Burnett, who initially lied to Joe Girardi and the training staff about the origin of the injury, said his pitching routine has not been affected by the cuts, which look healed.
"I think it is a big start for A.J.," Girardi said. "I think for him personally, because I think he wants to put it behind him and get on that roll that we thought he was getting on."
Burnett, who had allowed two runs in 132/3 innings in his previous two starts after going 0-5 in June, said he's looked at video to help him focus on his mechanics. "You look in the mirror and accept it for what it is," he said. " . . . But [it's all about] confidence out there, believing in myself, how good my stuff is."

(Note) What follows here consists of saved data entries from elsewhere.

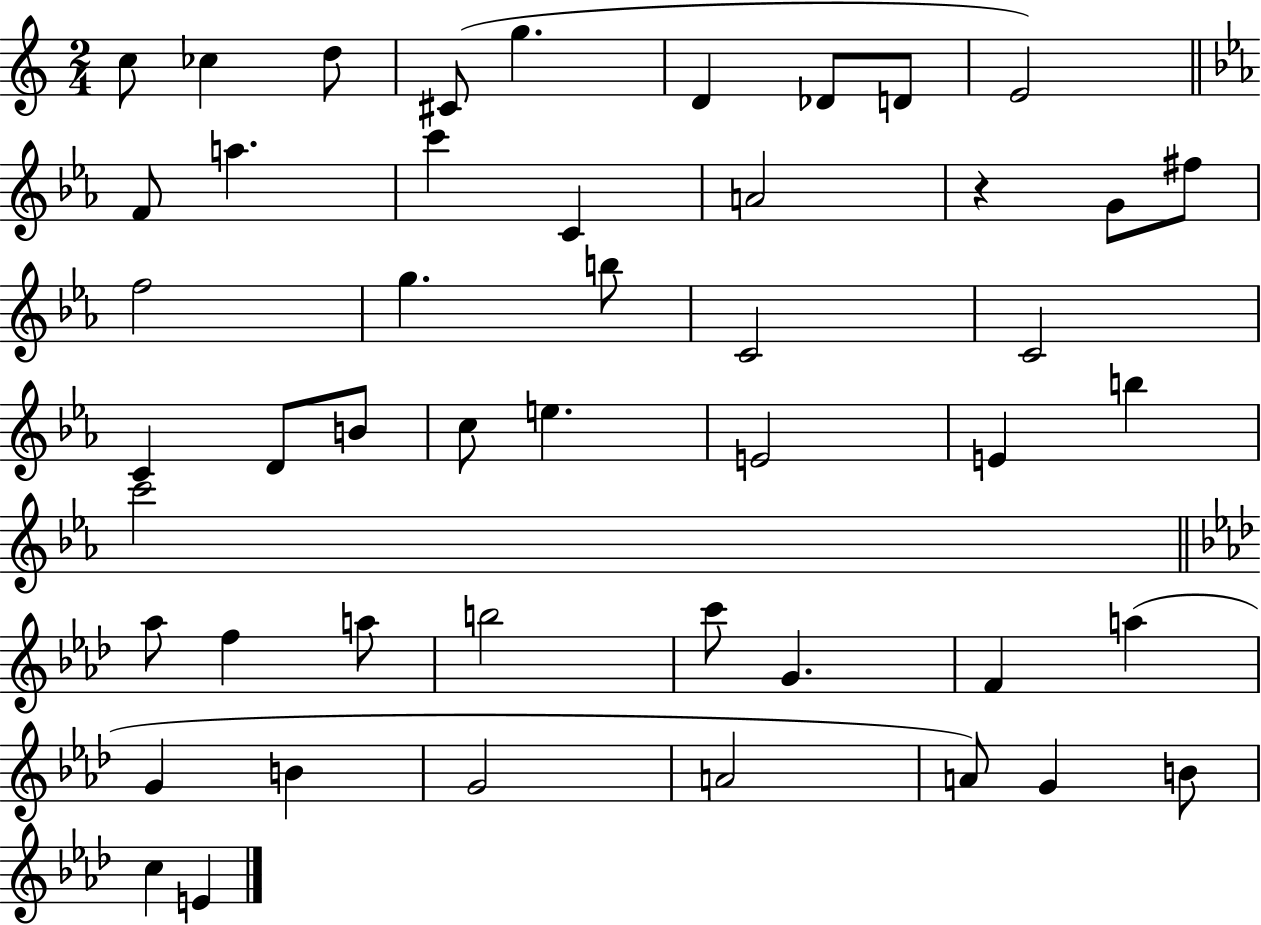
{
  \clef treble
  \numericTimeSignature
  \time 2/4
  \key c \major
  c''8 ces''4 d''8 | cis'8( g''4. | d'4 des'8 d'8 | e'2) | \break \bar "||" \break \key c \minor f'8 a''4. | c'''4 c'4 | a'2 | r4 g'8 fis''8 | \break f''2 | g''4. b''8 | c'2 | c'2 | \break c'4 d'8 b'8 | c''8 e''4. | e'2 | e'4 b''4 | \break c'''2 | \bar "||" \break \key f \minor aes''8 f''4 a''8 | b''2 | c'''8 g'4. | f'4 a''4( | \break g'4 b'4 | g'2 | a'2 | a'8) g'4 b'8 | \break c''4 e'4 | \bar "|."
}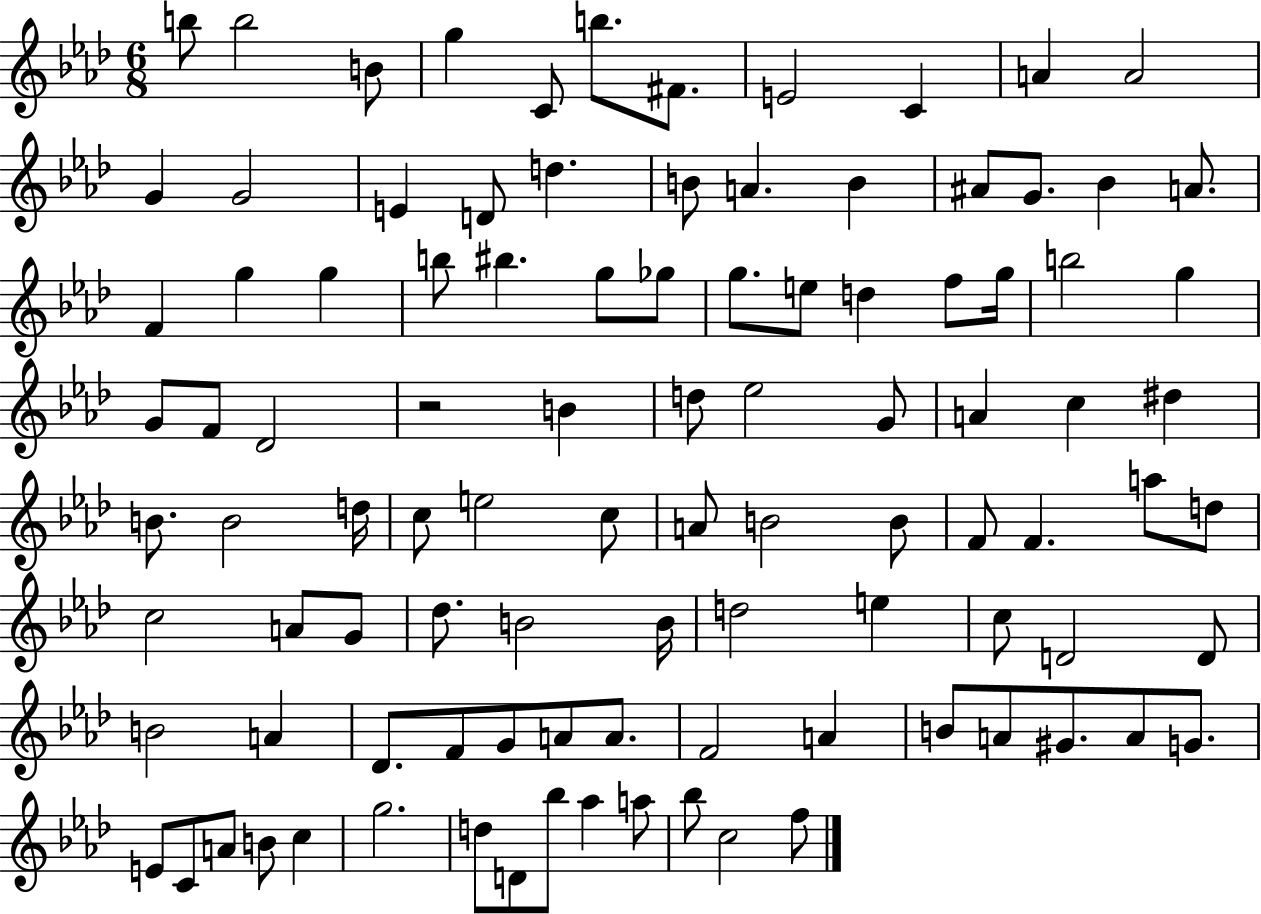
B5/e B5/h B4/e G5/q C4/e B5/e. F#4/e. E4/h C4/q A4/q A4/h G4/q G4/h E4/q D4/e D5/q. B4/e A4/q. B4/q A#4/e G4/e. Bb4/q A4/e. F4/q G5/q G5/q B5/e BIS5/q. G5/e Gb5/e G5/e. E5/e D5/q F5/e G5/s B5/h G5/q G4/e F4/e Db4/h R/h B4/q D5/e Eb5/h G4/e A4/q C5/q D#5/q B4/e. B4/h D5/s C5/e E5/h C5/e A4/e B4/h B4/e F4/e F4/q. A5/e D5/e C5/h A4/e G4/e Db5/e. B4/h B4/s D5/h E5/q C5/e D4/h D4/e B4/h A4/q Db4/e. F4/e G4/e A4/e A4/e. F4/h A4/q B4/e A4/e G#4/e. A4/e G4/e. E4/e C4/e A4/e B4/e C5/q G5/h. D5/e D4/e Bb5/e Ab5/q A5/e Bb5/e C5/h F5/e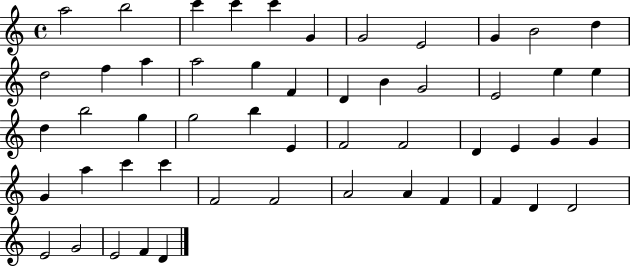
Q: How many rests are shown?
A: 0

The Yankees unveiled a 40-by-13½-foot banner of George Steinbrenner at Yankee Stadium, just behind the bleachers in rightfield. It features a photo of the late owner on a Yankees-blue background with the trademark Yankee Stadium frieze across the top, with his name, the years 1930-2010 and the phrase "The Boss."
The Yankees wore black armbands in honor of former manager Ralph Houk - who died at 90 Wednesday - below the Bob Sheppard patch on the left sleeve. A moment of silence was held . . . The Royals traded third baseman Alberto Callaspo to the Angels for righthander Sean O'Sullivan and minor-league lefthander Will Smith.